- _TASK TO CARRY OUT_:
Once you reach the line with "MegaChef 10 Piece" in the material below, copy each line exactly up to and including the line with "Erkek Çocuk Siyah Uzun Kollu Basic Gömlek", and skip the pictures.

- _RECORDS SUPPLIED_:
·····

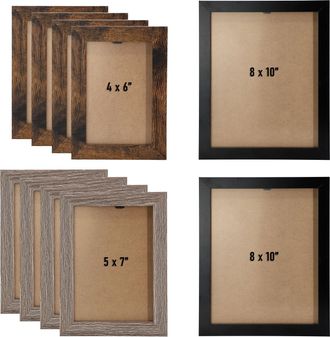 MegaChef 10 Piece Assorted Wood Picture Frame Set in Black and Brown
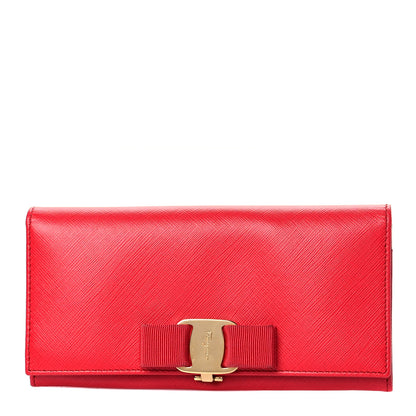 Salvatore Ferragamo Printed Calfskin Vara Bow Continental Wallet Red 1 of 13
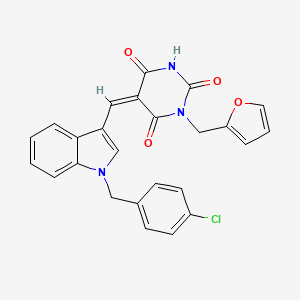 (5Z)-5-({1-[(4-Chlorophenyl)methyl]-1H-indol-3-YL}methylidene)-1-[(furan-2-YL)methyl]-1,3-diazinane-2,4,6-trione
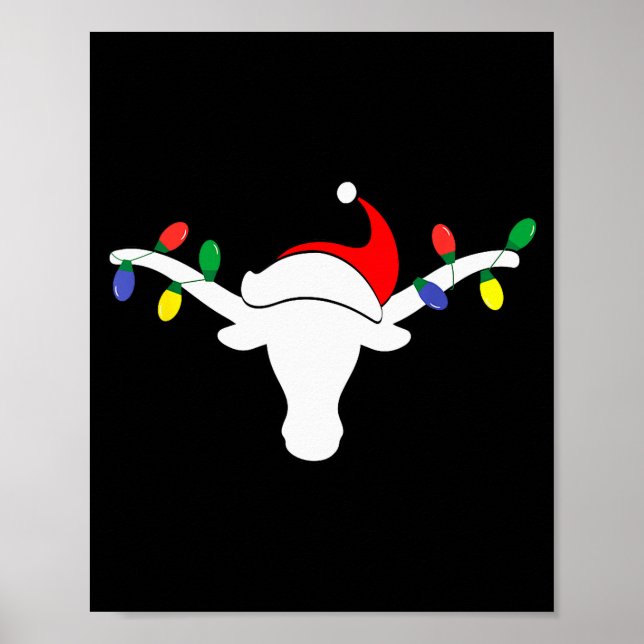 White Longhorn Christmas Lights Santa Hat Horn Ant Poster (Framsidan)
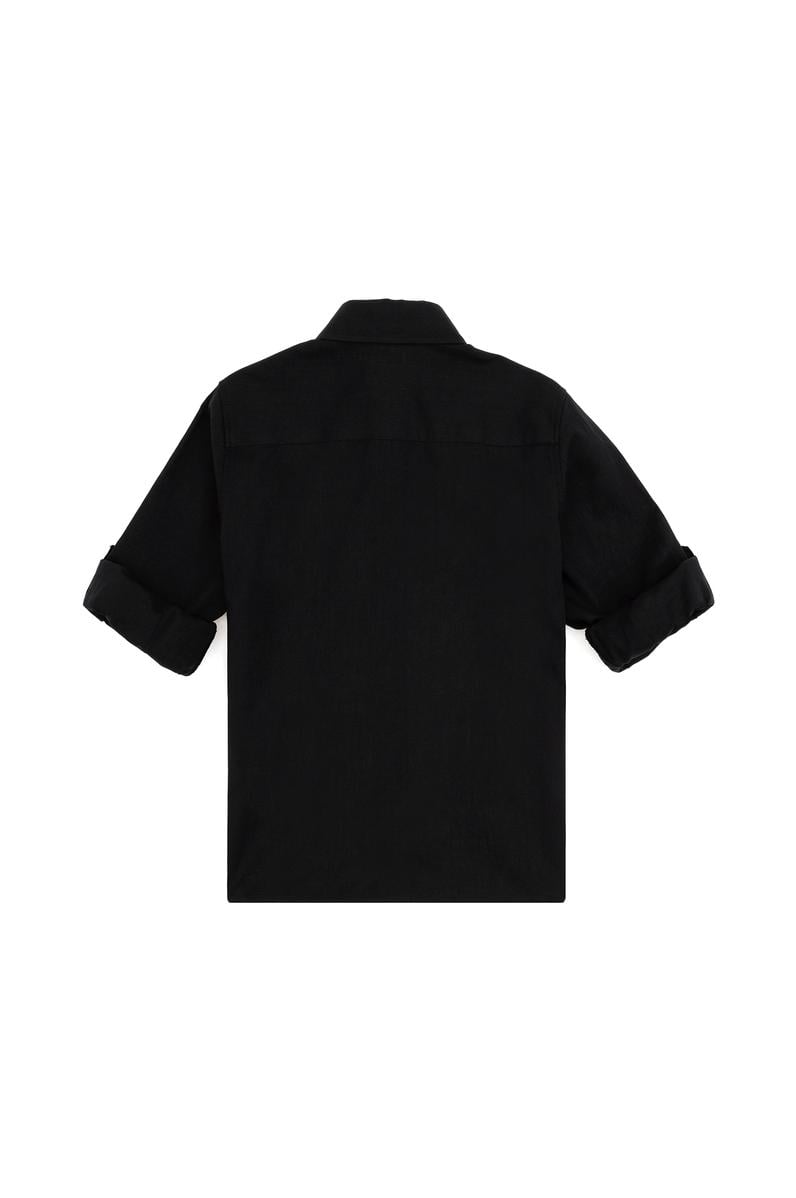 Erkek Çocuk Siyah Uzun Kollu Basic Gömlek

·····

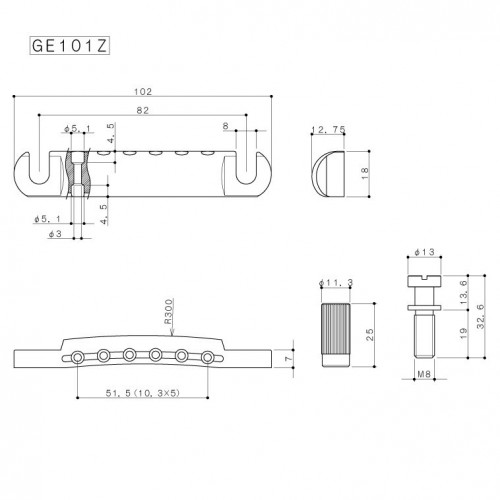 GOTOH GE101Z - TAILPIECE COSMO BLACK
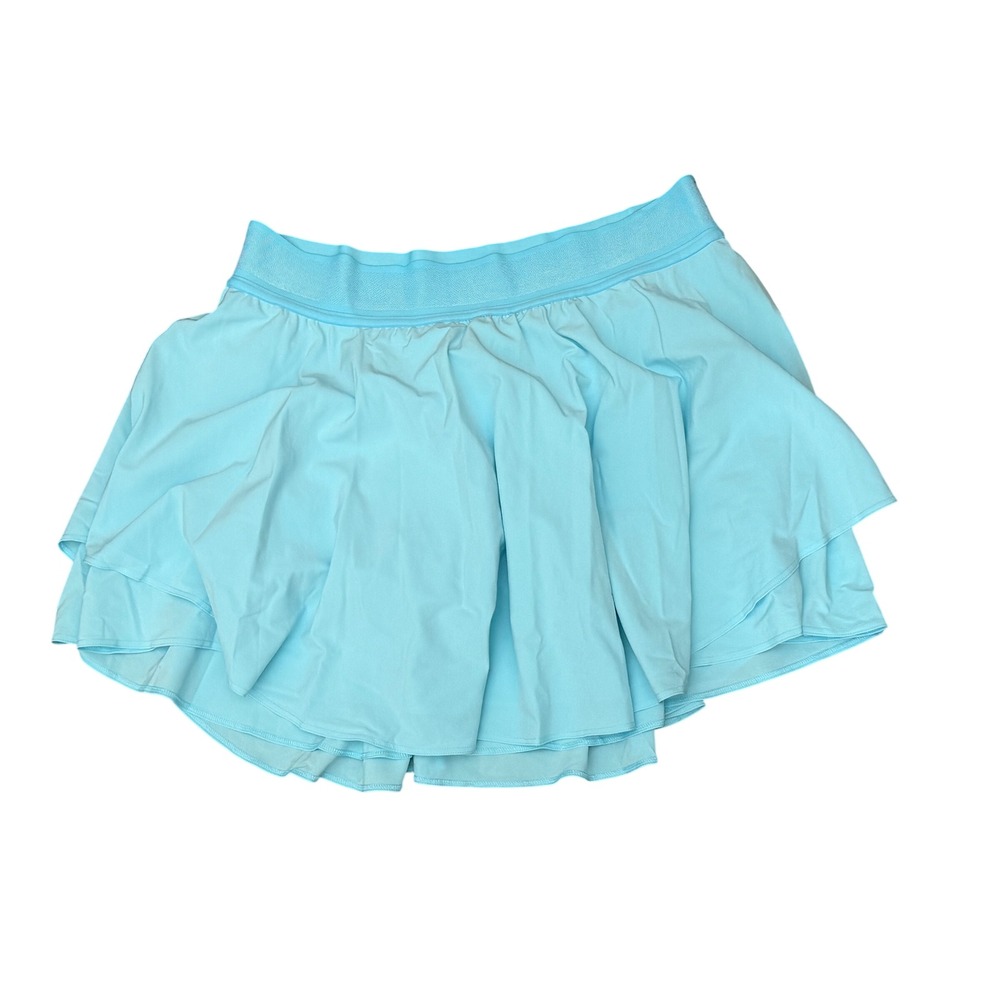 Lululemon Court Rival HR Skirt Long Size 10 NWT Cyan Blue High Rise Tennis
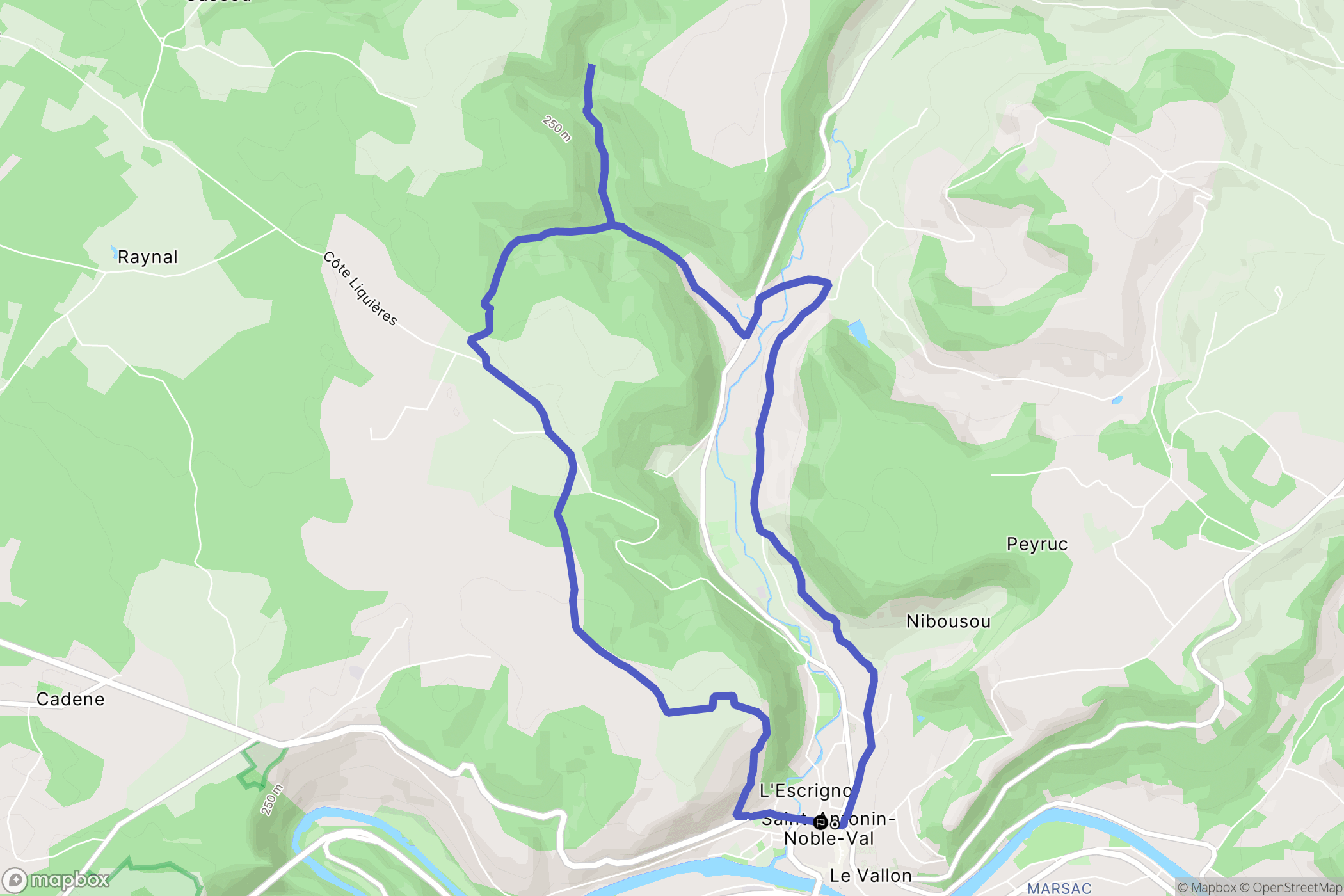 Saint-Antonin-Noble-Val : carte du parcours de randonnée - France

·····

- _RESULT OF THE EXERCISE_:
 MegaChef 10 Piece Assorted Wood Picture Frame Set in Black and Brown
 Salvatore Ferragamo Printed Calfskin Vara Bow Continental Wallet Red 1 of 13
 (5Z)-5-({1-[(4-Chlorophenyl)methyl]-1H-indol-3-YL}methylidene)-1-[(furan-2-YL)methyl]-1,3-diazinane-2,4,6-trione
 White Longhorn Christmas Lights Santa Hat Horn Ant Poster (Framsidan)
 Erkek Çocuk Siyah Uzun Kollu Basic Gömlek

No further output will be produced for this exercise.